Женщина уверенно повторяла лозунг за лозунгом. Я уже научилась их узнавать. Самый главный – «У нас есть работа». Работа! Мы на Западе считаем, что тепло и пища – воздаяние за труд, а здесь труд заменяет и то, и другое. Я начинаю понимать почему. В России иметь работу, рабочее место – это признак социальной значимости. Служить Государству – высочайшая моральная доблесть, Государство прекрасно сознает это и использует с максимальной для себя выгодой. Наверное, ранние христиане чувствовали во времена гонений то же самое. Убеждение в истинности своей веры насыщало их желудки, а согревало пламя, горевшее в их сердцах. Разница и в самом деле невелика. Новая Россия исповедует ту же доктрину лишений. Тем временем мир изнывает от изобилия. Зачем нам отказываться от еды? Страна, которая первой села за пиршественный стол, будет руководить миром.
Сегодня гид рассказала мне, как одна туристка в конце поездки захотела подарить ей пару теплых чулок. «Представляете!

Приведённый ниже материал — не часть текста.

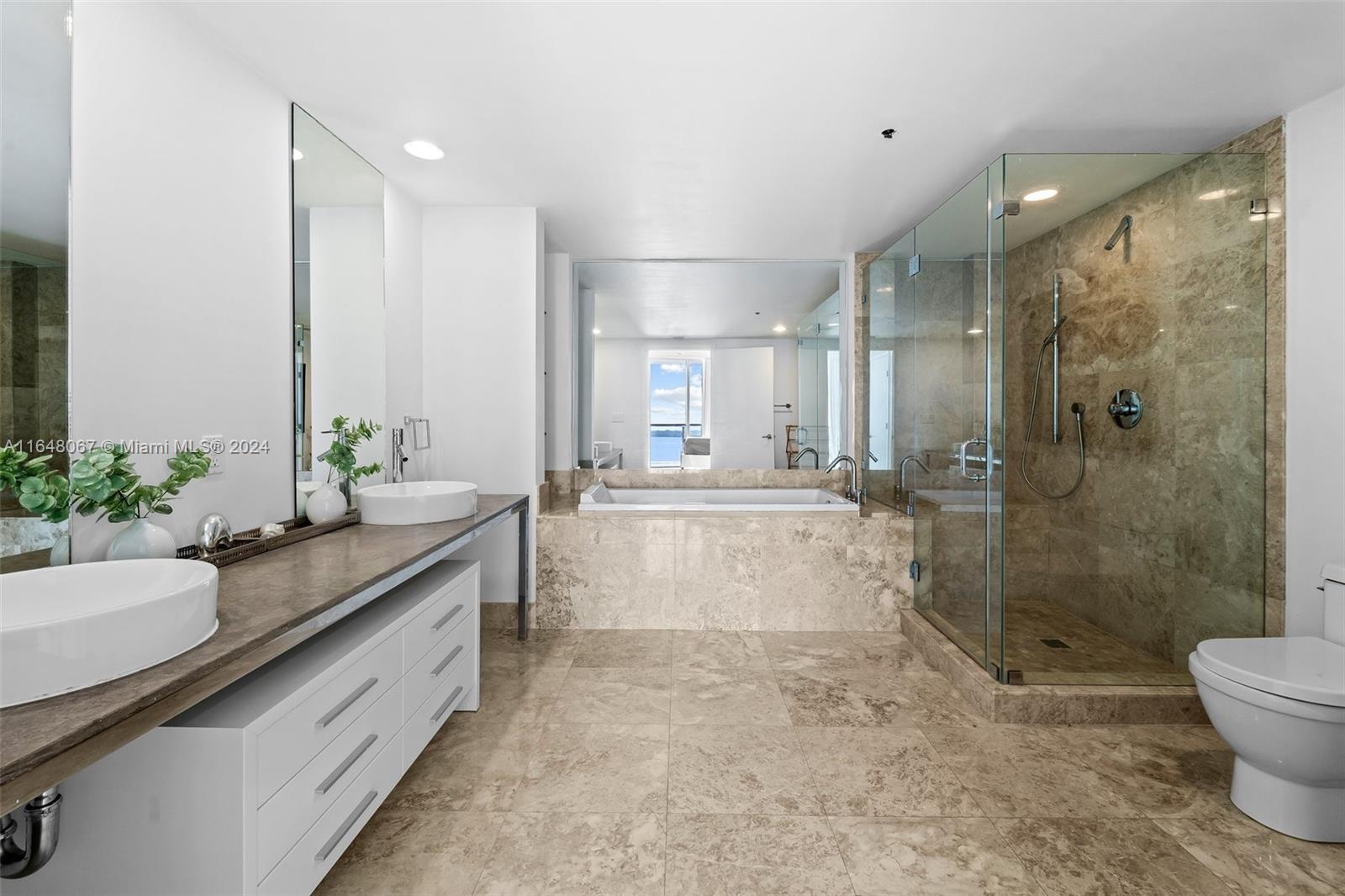465 Brickell Ave # 3405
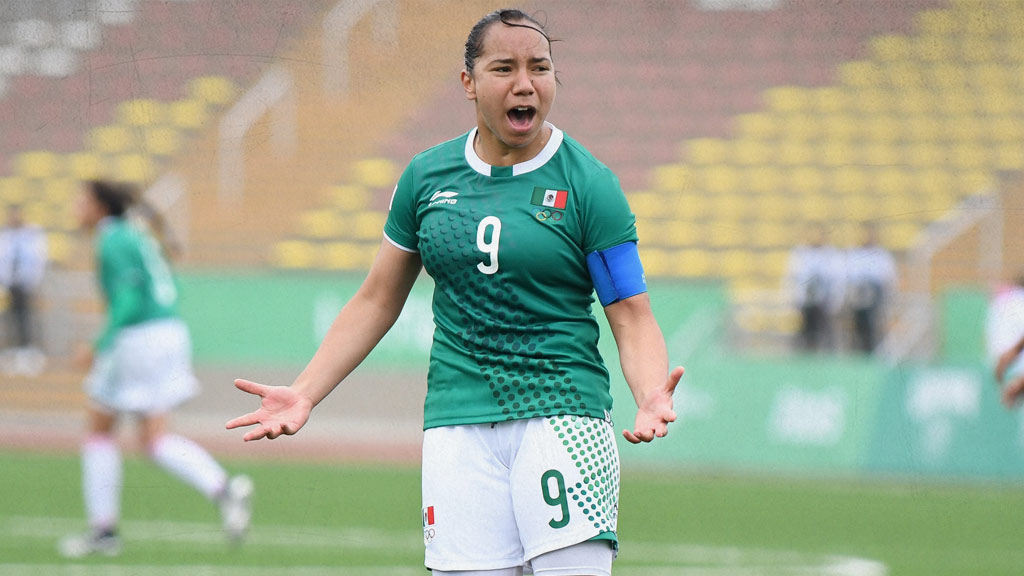 Charlyn Corral tendría la oportunidad de regresar al Tricolor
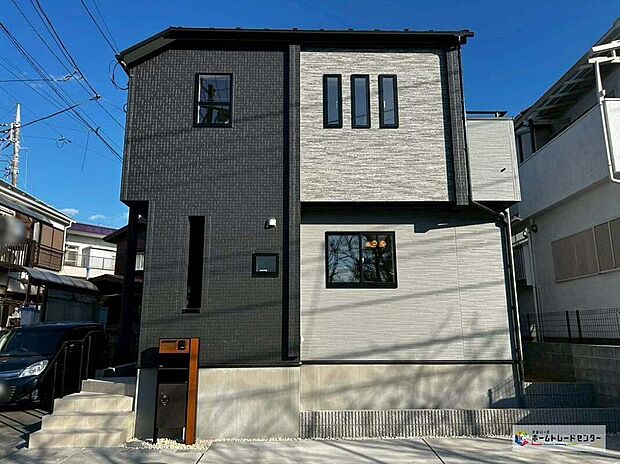 スタイリッシュな外観に広々としたLDK！扉を開ければ居心地の良い豊かな空間が広がります。暮らしを豊かにサポートする充実の設備。明るく開放的なLDK。魅力が詰まったお住まいです！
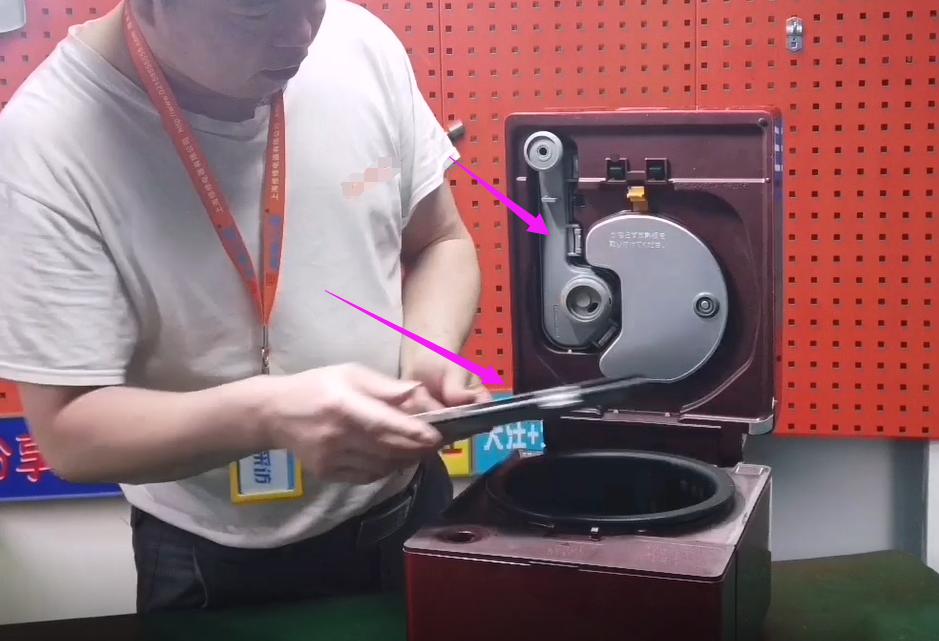 三菱电饭煲电路板坏了怎么维修,电饭煲维修技术图解说明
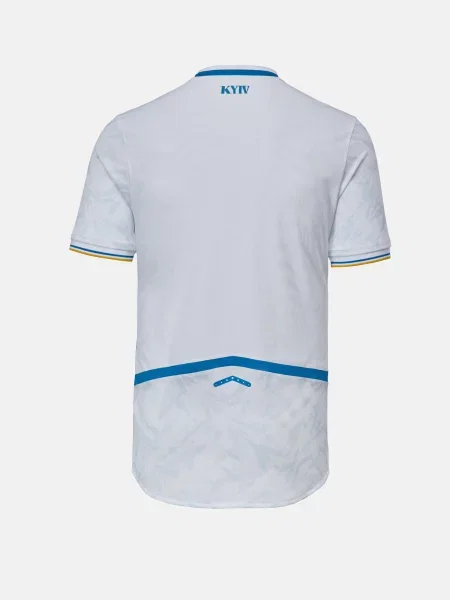 Футболка New Balance белая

Какое оскорбление!» При этом девушка была так скудно и не по погоде одета! Но эти люди готовы терпеть всё. Уж не гордыня ли это? Какая разница! Мне эта девушка понравилась. Пусть она и путается в исторических фактах – зато как она нас ненавидит! И поделом.
З. сообщил мне, что рождаемость в стране повысилась настолько, что через пятьдесят лет их станет 800 миллионов. 800 миллионов рабочих. О, лилии полевые![10]